[Saved data entries]

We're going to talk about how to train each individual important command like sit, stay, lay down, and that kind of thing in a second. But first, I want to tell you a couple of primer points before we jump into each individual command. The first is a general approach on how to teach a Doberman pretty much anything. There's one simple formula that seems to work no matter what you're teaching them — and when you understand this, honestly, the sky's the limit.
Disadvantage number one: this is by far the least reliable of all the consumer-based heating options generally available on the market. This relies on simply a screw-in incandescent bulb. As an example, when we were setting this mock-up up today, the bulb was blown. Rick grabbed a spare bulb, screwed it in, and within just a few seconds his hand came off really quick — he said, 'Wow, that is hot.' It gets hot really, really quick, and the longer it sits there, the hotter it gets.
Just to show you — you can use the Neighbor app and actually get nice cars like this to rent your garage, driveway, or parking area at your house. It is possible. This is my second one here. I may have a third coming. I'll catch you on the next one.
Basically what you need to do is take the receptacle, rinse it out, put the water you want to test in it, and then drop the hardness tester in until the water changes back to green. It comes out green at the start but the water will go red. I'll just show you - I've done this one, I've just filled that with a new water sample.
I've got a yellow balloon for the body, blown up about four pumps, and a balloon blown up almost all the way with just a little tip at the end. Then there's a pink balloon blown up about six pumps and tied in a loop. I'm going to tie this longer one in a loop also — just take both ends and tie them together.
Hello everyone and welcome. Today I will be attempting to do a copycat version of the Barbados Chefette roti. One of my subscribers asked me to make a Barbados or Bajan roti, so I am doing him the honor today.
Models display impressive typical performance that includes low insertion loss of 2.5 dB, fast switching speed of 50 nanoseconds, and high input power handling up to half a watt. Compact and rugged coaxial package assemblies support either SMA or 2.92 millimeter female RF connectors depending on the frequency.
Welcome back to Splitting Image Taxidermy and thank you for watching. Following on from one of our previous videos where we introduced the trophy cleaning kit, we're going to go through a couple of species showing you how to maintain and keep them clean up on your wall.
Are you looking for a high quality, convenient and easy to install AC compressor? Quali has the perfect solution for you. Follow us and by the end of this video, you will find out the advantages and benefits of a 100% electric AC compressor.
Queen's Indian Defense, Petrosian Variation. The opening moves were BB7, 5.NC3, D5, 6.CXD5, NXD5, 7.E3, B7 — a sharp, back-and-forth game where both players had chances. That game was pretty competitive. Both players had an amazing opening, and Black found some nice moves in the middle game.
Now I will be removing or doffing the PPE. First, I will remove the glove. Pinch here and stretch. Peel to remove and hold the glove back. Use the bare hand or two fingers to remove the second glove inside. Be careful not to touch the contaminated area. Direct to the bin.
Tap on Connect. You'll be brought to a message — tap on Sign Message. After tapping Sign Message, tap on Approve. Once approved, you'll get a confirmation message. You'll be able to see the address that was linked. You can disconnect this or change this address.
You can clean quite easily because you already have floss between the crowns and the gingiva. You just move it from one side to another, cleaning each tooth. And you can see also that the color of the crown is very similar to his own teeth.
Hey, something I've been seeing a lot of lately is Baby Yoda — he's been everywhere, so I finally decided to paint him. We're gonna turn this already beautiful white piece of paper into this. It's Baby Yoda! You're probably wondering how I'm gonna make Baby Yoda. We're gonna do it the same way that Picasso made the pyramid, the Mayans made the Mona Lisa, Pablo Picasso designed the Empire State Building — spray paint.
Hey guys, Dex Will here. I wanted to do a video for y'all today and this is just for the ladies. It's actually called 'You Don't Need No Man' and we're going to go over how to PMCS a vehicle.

-- PROMPT --
I'd like every record written out exactly as given.

-- ANSWER --
We're going to talk about how to train each individual important command like sit, stay, lay down, and that kind of thing in a second. But first, I want to tell you a couple of primer points before we jump into each individual command. The first is a general approach on how to teach a Doberman pretty much anything. There's one simple formula that seems to work no matter what you're teaching them — and when you understand this, honestly, the sky's the limit.
Disadvantage number one: this is by far the least reliable of all the consumer-based heating options generally available on the market. This relies on simply a screw-in incandescent bulb. As an example, when we were setting this mock-up up today, the bulb was blown. Rick grabbed a spare bulb, screwed it in, and within just a few seconds his hand came off really quick — he said, 'Wow, that is hot.' It gets hot really, really quick, and the longer it sits there, the hotter it gets.
Just to show you — you can use the Neighbor app and actually get nice cars like this to rent your garage, driveway, or parking area at your house. It is possible. This is my second one here. I may have a third coming. I'll catch you on the next one.
Basically what you need to do is take the receptacle, rinse it out, put the water you want to test in it, and then drop the hardness tester in until the water changes back to green. It comes out green at the start but the water will go red. I'll just show you - I've done this one, I've just filled that with a new water sample.
I've got a yellow balloon for the body, blown up about four pumps, and a balloon blown up almost all the way with just a little tip at the end. Then there's a pink balloon blown up about six pumps and tied in a loop. I'm going to tie this longer one in a loop also — just take both ends and tie them together.
Hello everyone and welcome. Today I will be attempting to do a copycat version of the Barbados Chefette roti. One of my subscribers asked me to make a Barbados or Bajan roti, so I am doing him the honor today.
Models display impressive typical performance that includes low insertion loss of 2.5 dB, fast switching speed of 50 nanoseconds, and high input power handling up to half a watt. Compact and rugged coaxial package assemblies support either SMA or 2.92 millimeter female RF connectors depending on the frequency.
Welcome back to Splitting Image Taxidermy and thank you for watching. Following on from one of our previous videos where we introduced the trophy cleaning kit, we're going to go through a couple of species showing you how to maintain and keep them clean up on your wall.
Are you looking for a high quality, convenient and easy to install AC compressor? Quali has the perfect solution for you. Follow us and by the end of this video, you will find out the advantages and benefits of a 100% electric AC compressor.
Queen's Indian Defense, Petrosian Variation. The opening moves were BB7, 5.NC3, D5, 6.CXD5, NXD5, 7.E3, B7 — a sharp, back-and-forth game where both players had chances. That game was pretty competitive. Both players had an amazing opening, and Black found some nice moves in the middle game.
Now I will be removing or doffing the PPE. First, I will remove the glove. Pinch here and stretch. Peel to remove and hold the glove back. Use the bare hand or two fingers to remove the second glove inside. Be careful not to touch the contaminated area. Direct to the bin.
Tap on Connect. You'll be brought to a message — tap on Sign Message. After tapping Sign Message, tap on Approve. Once approved, you'll get a confirmation message. You'll be able to see the address that was linked. You can disconnect this or change this address.
You can clean quite easily because you already have floss between the crowns and the gingiva. You just move it from one side to another, cleaning each tooth. And you can see also that the color of the crown is very similar to his own teeth.
Hey, something I've been seeing a lot of lately is Baby Yoda — he's been everywhere, so I finally decided to paint him. We're gonna turn this already beautiful white piece of paper into this. It's Baby Yoda! You're probably wondering how I'm gonna make Baby Yoda. We're gonna do it the same way that Picasso made the pyramid, the Mayans made the Mona Lisa, Pablo Picasso designed the Empire State Building — spray paint.
Hey guys, Dex Will here. I wanted to do a video for y'all today and this is just for the ladies. It's actually called 'You Don't Need No Man' and we're going to go over how to PMCS a vehicle.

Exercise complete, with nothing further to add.